Athena can’t find enough employees, and is seeking tax breaks.
Front Street didn’t lower taxes, but it fits into the community.
There’s no perfection, but overall Belfast’s revival is a success. The town’s been featured as one of the best places to live and visit. If this transformation were to be summarized, front and center is the back-to-land culture. Smart, diverse and committed to “the good life,” these people rejected corporate control of food, and embraced a caring, intimate relationship with land and community. They ignited a successful revival of local agriculture, and helped prove that keeping things close to home and reasonably sized, makes for a vibrant town others want to join.
Belfast appeared to have healthy democratic process. But, our state and communities are not immune to the slippery maneuvers extractive corporations must use to get what they want. Nordic Aquafarms tiptoed into town last fall. It silently cuddled up to state and town officials in order to stave off the scrutiny of the citizenry, their pesky laws and community process. They promised money.
It is all part of the game.
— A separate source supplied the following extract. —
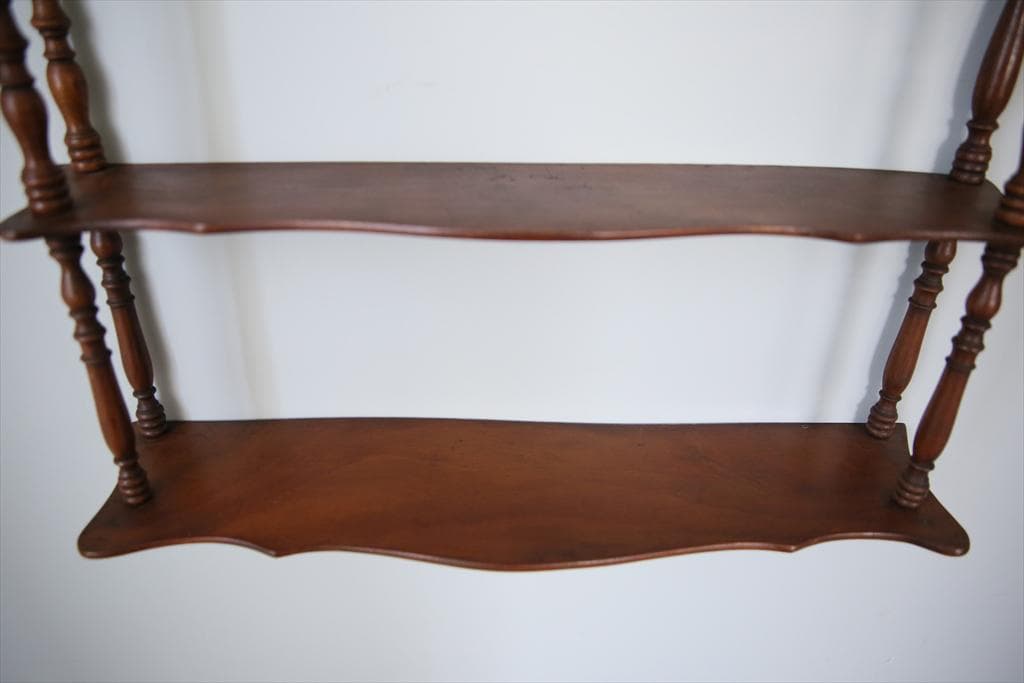 フランスアンティーク木製ウォールシェルフ/壁掛けラック/飾り棚(90-179)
Everybody knows it.
Getting local people to fight against each other is another.
We like to think our nation is democratic, but the truth is we’re more of an oligarchy where people often struggle for the democratic process. Webster’s defines an oligarchy as "a government in which a small group exercises control especially for corrupt and selfish purposes.”
Let me be clear. I am not saying Belfast’s leaders are corrupt and selfish. I think they mean well, but have fallen prey to the marketing of an extractive industry that intends to rake in millions while helping itself to an astonishing water source, and using the bay as a dumping ground. Making sure its taxes are as low as possible, the town picks up most of the tab, and robots do much of the work, will be key to maximizing returns.
The City Council also seems to be suffering from a fairly significant lack of imagination, and a solid case of amnesia.
Despite the mind-boggling evidence to the contrary, the City Council has fallen for the false, though repeatedly marketed story that large, extractive schemes solve communities’ challenges. It’s easy, I guess. A little like going to MacDonald’s rather than cooking your own meals.
They also seem unable to recall that these massive, extractive projects repeatedly wreak havoc on rivers, bays, forests, water sources, creatures and communities. Like the paper companies that flooded Maine’s rivers with dioxin, and Holtrachem’s colossal mercury release into the Penobscot River, corporations like NAF are out to exploit the scantily protected natural “resources” of Maine with as little expense and responsibility as possible. This is what extractive corporations do. It is a good idea to remember it despite NAF’s soothing, clean and green marketing scheme.
And, speaking of the mercury spill, the community might want to be sure that NAF’s 7.7 million gallons of effluent pumping into the Bay every day won’t stir any of it up. It’s a pretty nasty chemical, similar to the lead in Flint River, just worse. In fact, that mercury is still moving around because, as Dianne Kopec and Aram Calhoun wrote in the BND, “river and slough channels can change course, releasing long-buried mercury into the surface sediment that is swept up and down the river with the tide.”
The mercury is also throughout the Bay.
There’s a lot to worry about where fish factories are concerned, but what makes me really anxious is how the town leaders were willing to subvert the democratic process.
Now, I know it is all the rage these days to openly undermine democracy. Just the same, I was pretty shocked to see Belfast get in on the fun. The list is fairly long. Its starts with the Water District working behind closed doors with NAF, and barely whispering to the public that the forest they all own was for sale. The City, pressured by NAF, demanded the PUC drop their usual eight-month public comment period. Then, even after the Planning Board voted 0-5 that the City’s Comprehensive Plan was violated, City Council still voted to change Belfast’s Zoning—a process protected by both a state and a local law. While the town officials back peddled hard to include the public, it was clear the deal was done.
It won’t be easy, but the town could slow this entire process down. It might even want to consider applying for carbon credits for the forest, and sending NAF down the road. To do this they will need to vote some new people onto their City Council. People who would have the courage to make this move, and defend the democratic process regardless of who comes knocking. Namely, Jim Merkel for Ward 5, Joanne Mosswilde, Ward 2, and Ellie Daniels for Ward 1.